Le risposte non sono semplici e non (solo) perché i calcoli e le simulazioni devono tenere conto di una normativa opaca e complessa. Gli automatismi e una legislazione ballerina spostano sempre più avanti il limite di età, rendendo difficile prevedere il «quando». Complicato anche capire il «quanto», perché dipende da eventi che non possiamo controllare. In primo luogo la continuità del lavoro. Unico dato che possiamo dare per certo è che sarà sempre più difficile andare in pensione.

Rinviati i tentativi di rendere meno rigidi i requisiti restano in vigore i requisiti della legge Fornero e quelli delle altre riforme introdotte a partire dagli anni Novanta. Un complesso di norme che renderà, soprattutto nei prossimi anni, il sistema italiano uno dei più severi al mondo. I lavoratori attivi di oggi dovranno aspettare circa un decennio in più rispetto ai predecessori per potere accedere alla pensione.
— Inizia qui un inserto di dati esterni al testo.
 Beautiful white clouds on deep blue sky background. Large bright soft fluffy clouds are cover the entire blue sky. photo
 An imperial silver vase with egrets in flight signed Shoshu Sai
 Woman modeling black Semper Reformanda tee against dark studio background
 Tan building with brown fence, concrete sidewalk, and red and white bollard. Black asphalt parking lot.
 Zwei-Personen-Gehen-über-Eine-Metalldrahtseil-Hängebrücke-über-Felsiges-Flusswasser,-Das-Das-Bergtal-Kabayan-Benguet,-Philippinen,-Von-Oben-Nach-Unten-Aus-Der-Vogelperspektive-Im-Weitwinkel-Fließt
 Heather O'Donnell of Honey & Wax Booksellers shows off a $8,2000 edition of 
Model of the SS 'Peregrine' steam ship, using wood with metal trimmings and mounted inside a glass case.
Dai vecchi 58 anni (con 35 di contributi) passeremo, intorno al 2030 (cioè quando i 40-45enni di oggi saranno lavoratori anziani), ai 68 anni e un mese come requisito per la «vecchiaia». Negli anni successivi si sfioreranno i 70 anni. Le pensioni anticipate, la nuova versione di quelle di anzianità, sono un miraggio, un residuo del vecchio sistema, destinato a svanire. Un tempo con 40 anni di versamenti c'era la certezza della pensione. Oggi, a un (o una) 40enne che pensi di ritirarsi a 62 anni, quindi nel 2037, deve sapere che gli serviranno almeno 45 anni di contributi. In altre parole l'aspirante pensionato del XXI secolo deve avere versato regolarmente da quando aveva 17 anni. A un 50enne, la pensione a 62 anni, costa 44 anni e 2 mesi di contributi, quindi un posto fisso dal 1982. C'è un anno di sconto alle donne, nel caso in cui rientrino nel sistema retributivo o misto. Un po' meglio per la generazione degli attuali sessantenni, parzialmente graziati anche dall'ultima stretta varata dal governo Monti.
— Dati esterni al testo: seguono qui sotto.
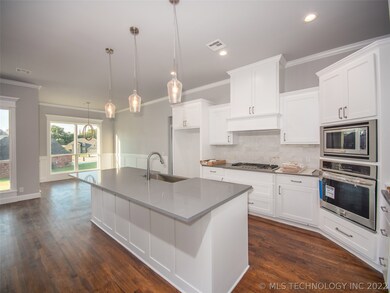 Kitchen with adjoining Breakfast Nook with light a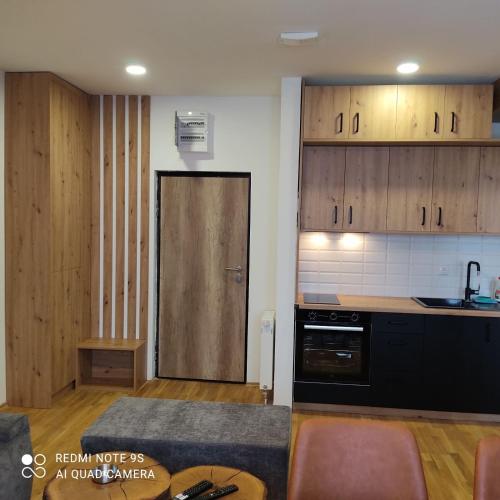 Kuchyň nebo kuchyňský kout v ubytování Grand Casa Apartments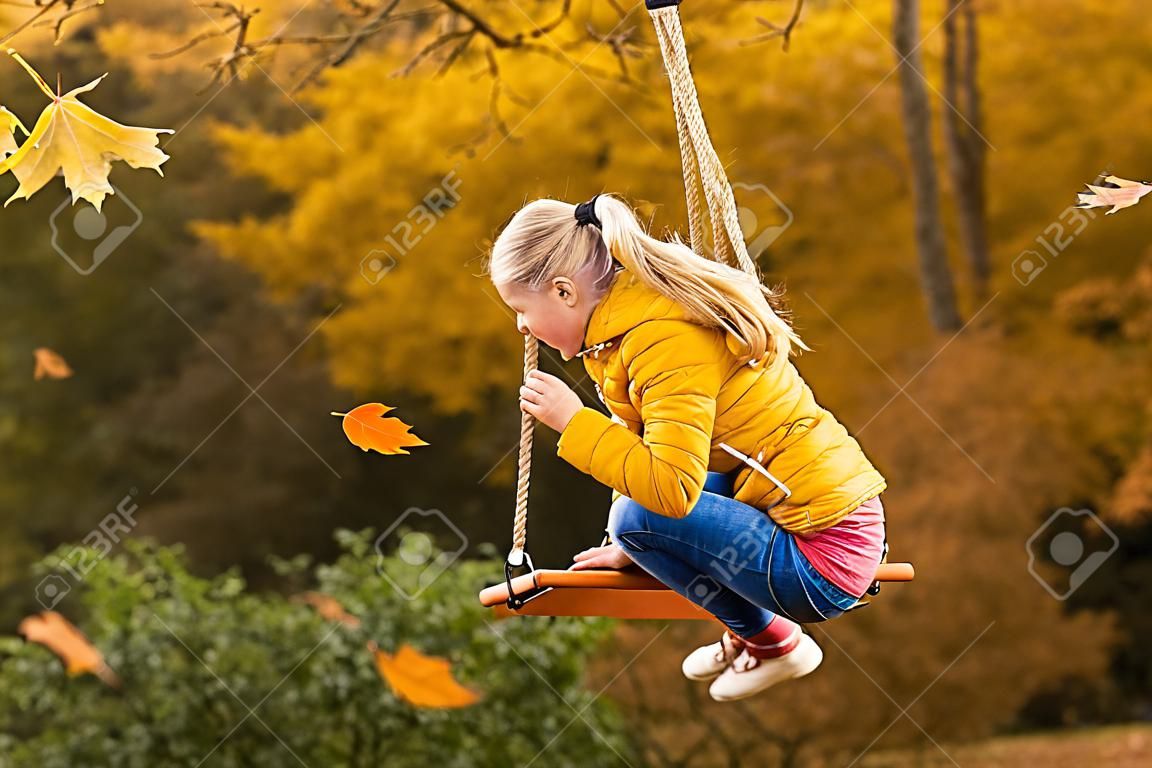 Szczęśliwa mała blondynka rasy kaukaskiej uśmiecha się i jeździ na huśtawce linowej jesienią w parku.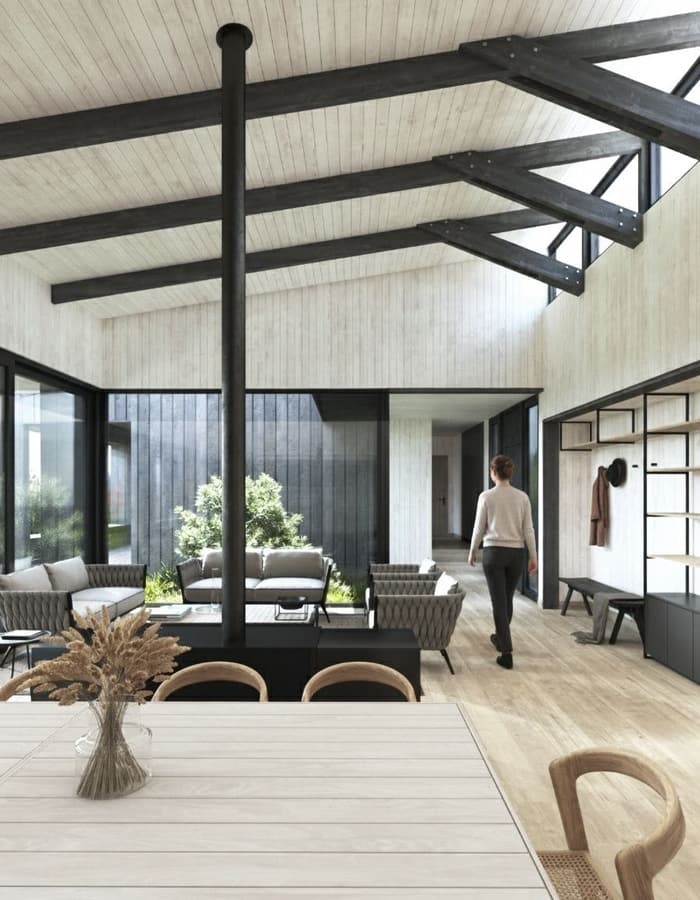 Living con patio interior y circulación hacia los dormitorios
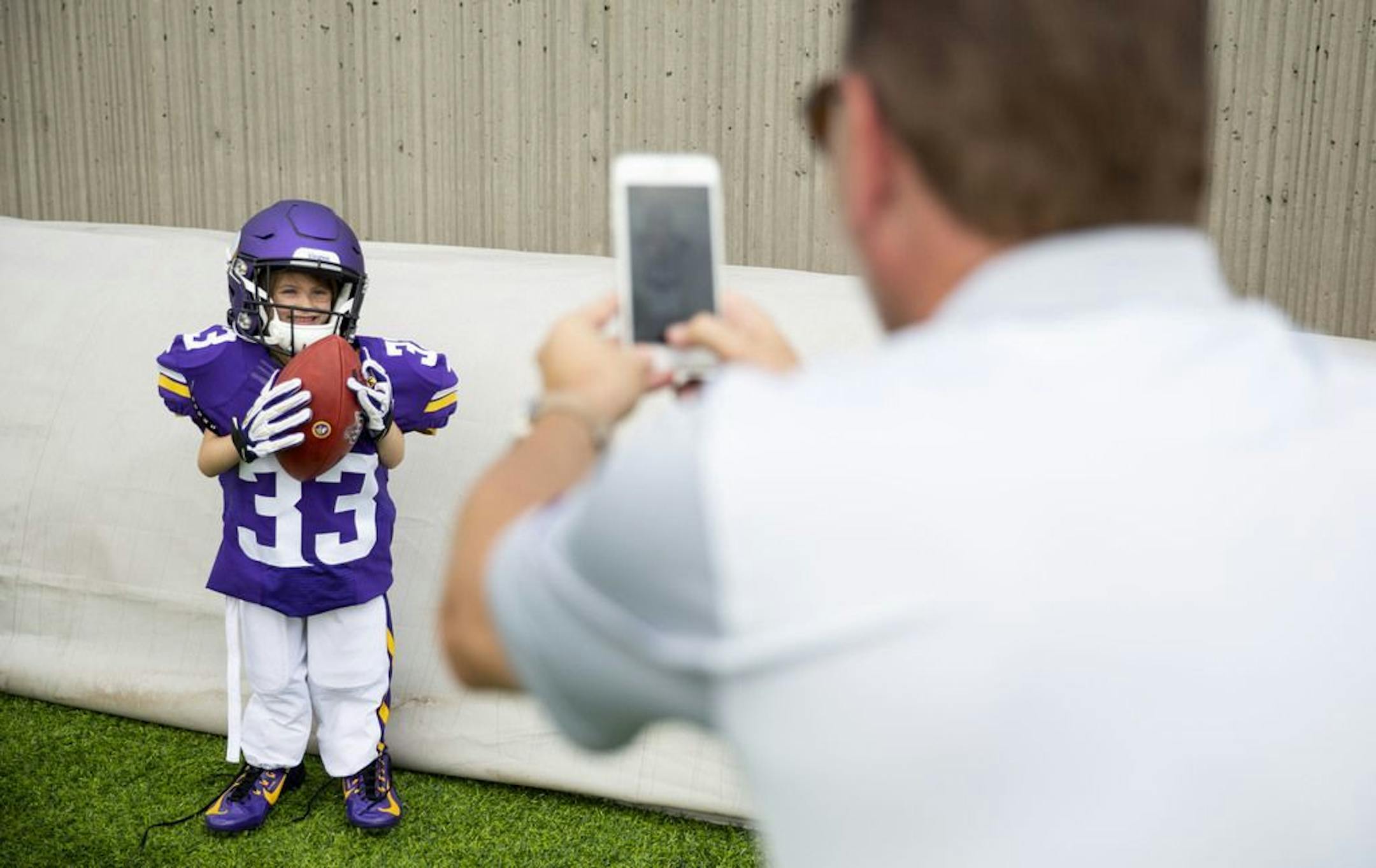 (From left) Elliana Kojoen posed in an oversized Dalvin Cook jersey and football gear while her dad, Mike, snapped a picture. ALEX KORMANN • alex.kormann@startribune.com The Minnesota Vikings opened up their first full day of training camp on Friday July 26, 2019 at TCO Performance Center in Eagan, MN. Doors opened to fans at 11AM to watch their favorite players practice and get excited for the 2019 NFL season.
Tutti effetti delle varie riforme previdenziali. In particolare del meccanismo degli adeguamenti alle speranze di vita, introdotti nel 2010 e rafforzati l'anno successivo. In teoria si basano su calcoli attuariali, di fatto sono un automatismo che sposta ogni due anni l'asticella più avanti di due mesi. Meccanismo poco conosciuto, ma fondamentale perché condiziona in modo pesante i requisiti per il ritiro.

Gli importi delle pensioni sono l'altra variabile difficile da controllare. Anche questi dipendono da periodici ricalcoli. L'indice di rivalutazione del montante contributivo (cioè la somma dei contributi) viene periodicamente modificato sulla base delle aspettative di vita. Il prossimo adeguamento scatterà il primo gennaio 2016 e comporterà un mini taglio alle pensioni lorde. Nell'arco di decenni, anche questa rivalutazione si fa sentire.

I dati statistici danno tassi di sostituzione (cioè il rapporto tra l'ultimo stipendio e l'importo dell'assegno della previdenza) che sembrano smentire la tesi di chi sostiene che le nuove generazioni avranno pensioni da fame. Un lavoratore dipendente nato nel 1974 che abbia iniziato a lavorare a 24 anni potrebbe prendere il 75,80% dell'ultimo stipendio, il 66,1% se è un autonomo (dati del Bilancio del sistema previdenziale 2015 di Itinerari Previdenziali, centro guidato da Alberto Brambilla). Ma se la carriera lavorativa è discontinua tutto cambia. Negli anni sono state condotte simulazioni che tengono conto dei buchi contributivi secondo le quali da uno stipendio medio, si potranno ricavare rendite vicine alla pensione minima.

Ci sono poche alternative.

Le nuove generazioni dovranno prendere confidenza con la previdenza complementare. Potrà sembrare paradossale, ma è l'unico strumento, almeno per il momento, che può permettere ai 40enni di oggi di minimizzare i rischi legati alla previdenza pubblica.